What is needed: Only an exact copy is wanted: the lines from the one holding "Magnetické zapínání stříbrné - 1" through the last line below, minus the pictures.

Given information:

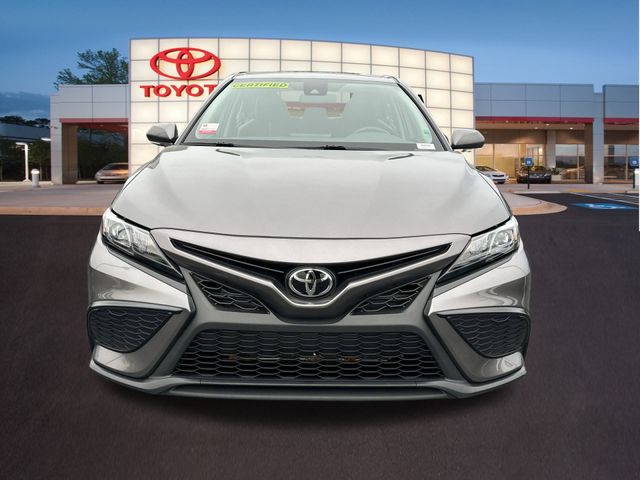 2024 Toyota Camry SE 24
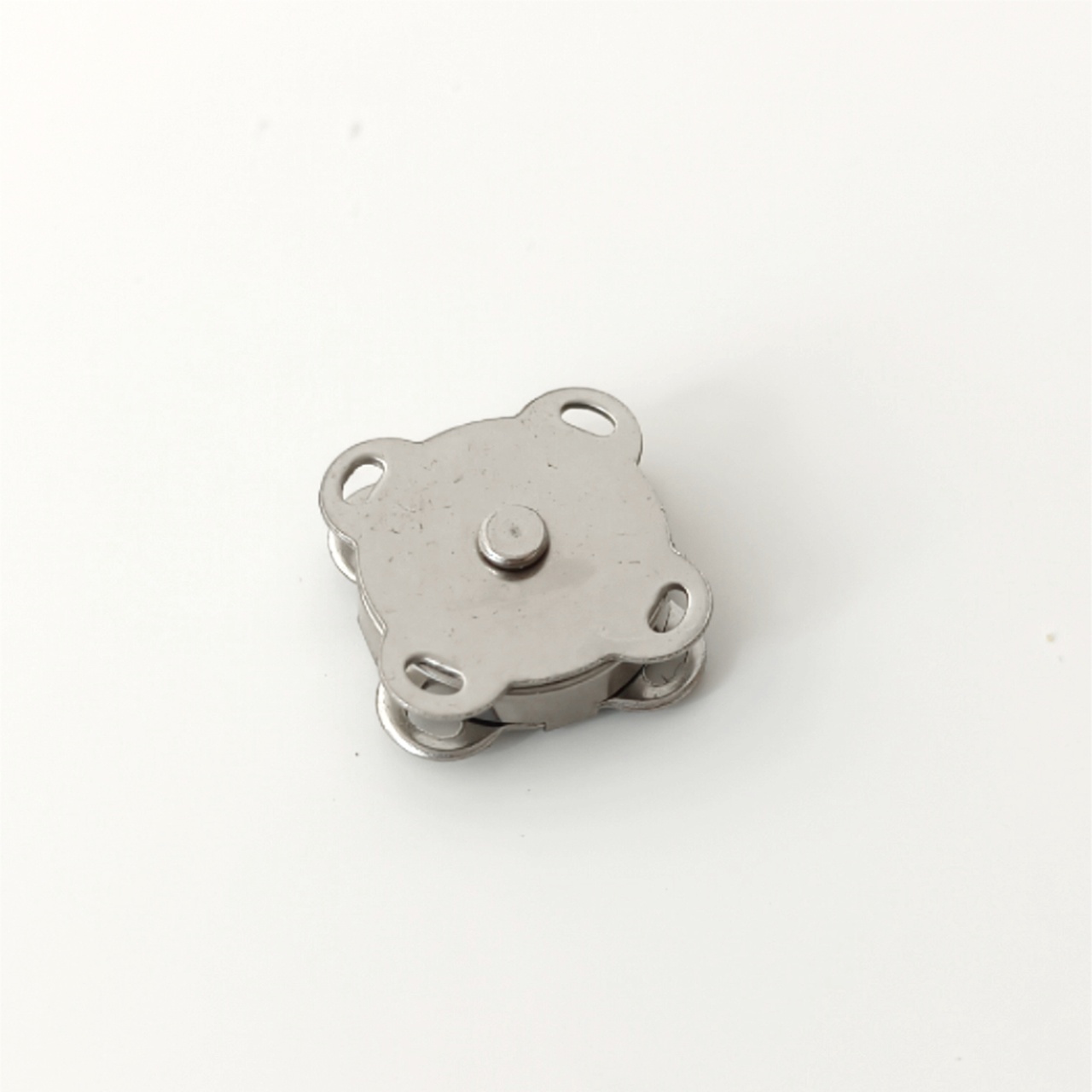 Magnetické zapínání stříbrné - 1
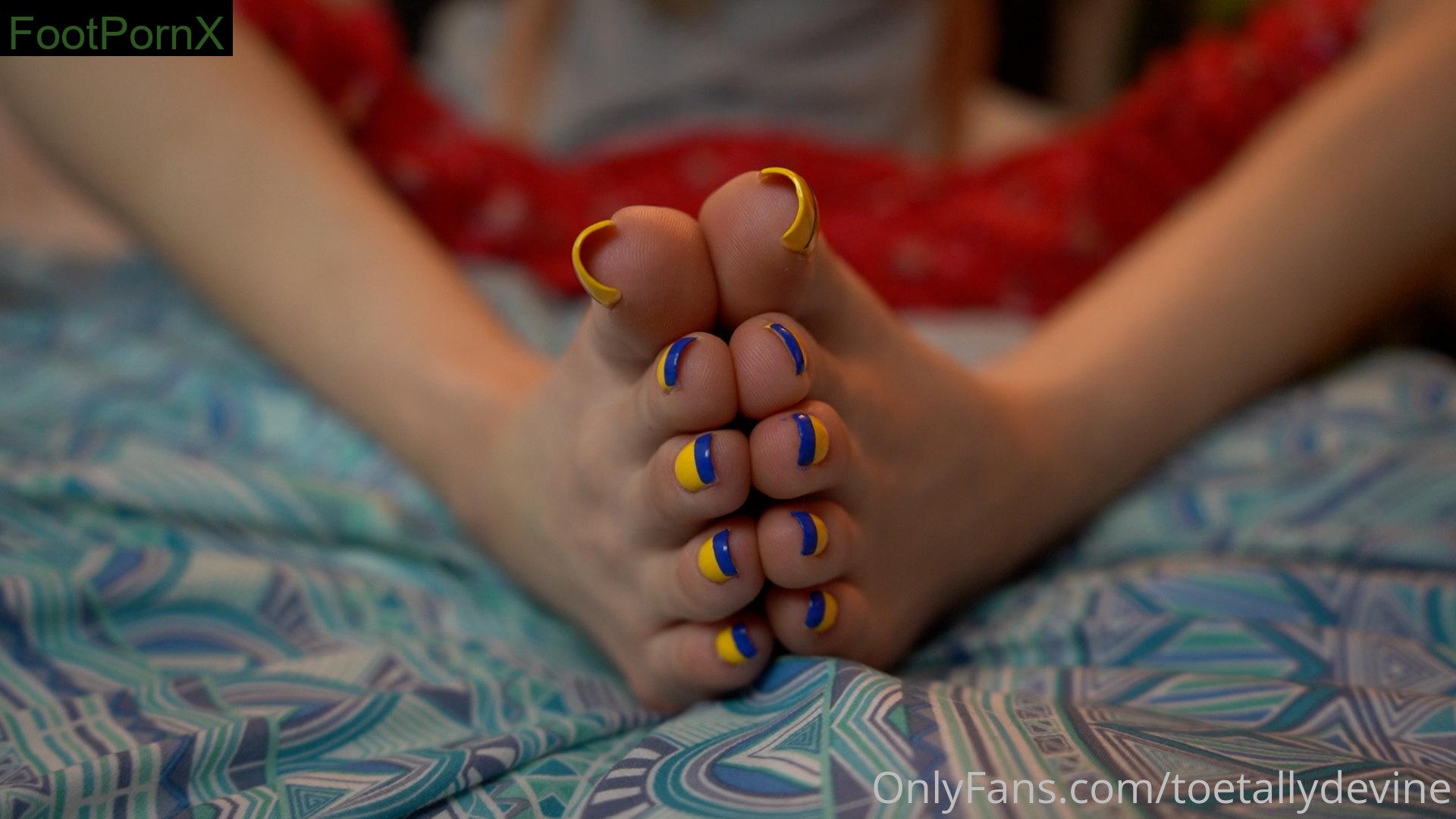 toetallydevine feet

Solution:
 Magnetické zapínání stříbrné - 1
 toetallydevine feet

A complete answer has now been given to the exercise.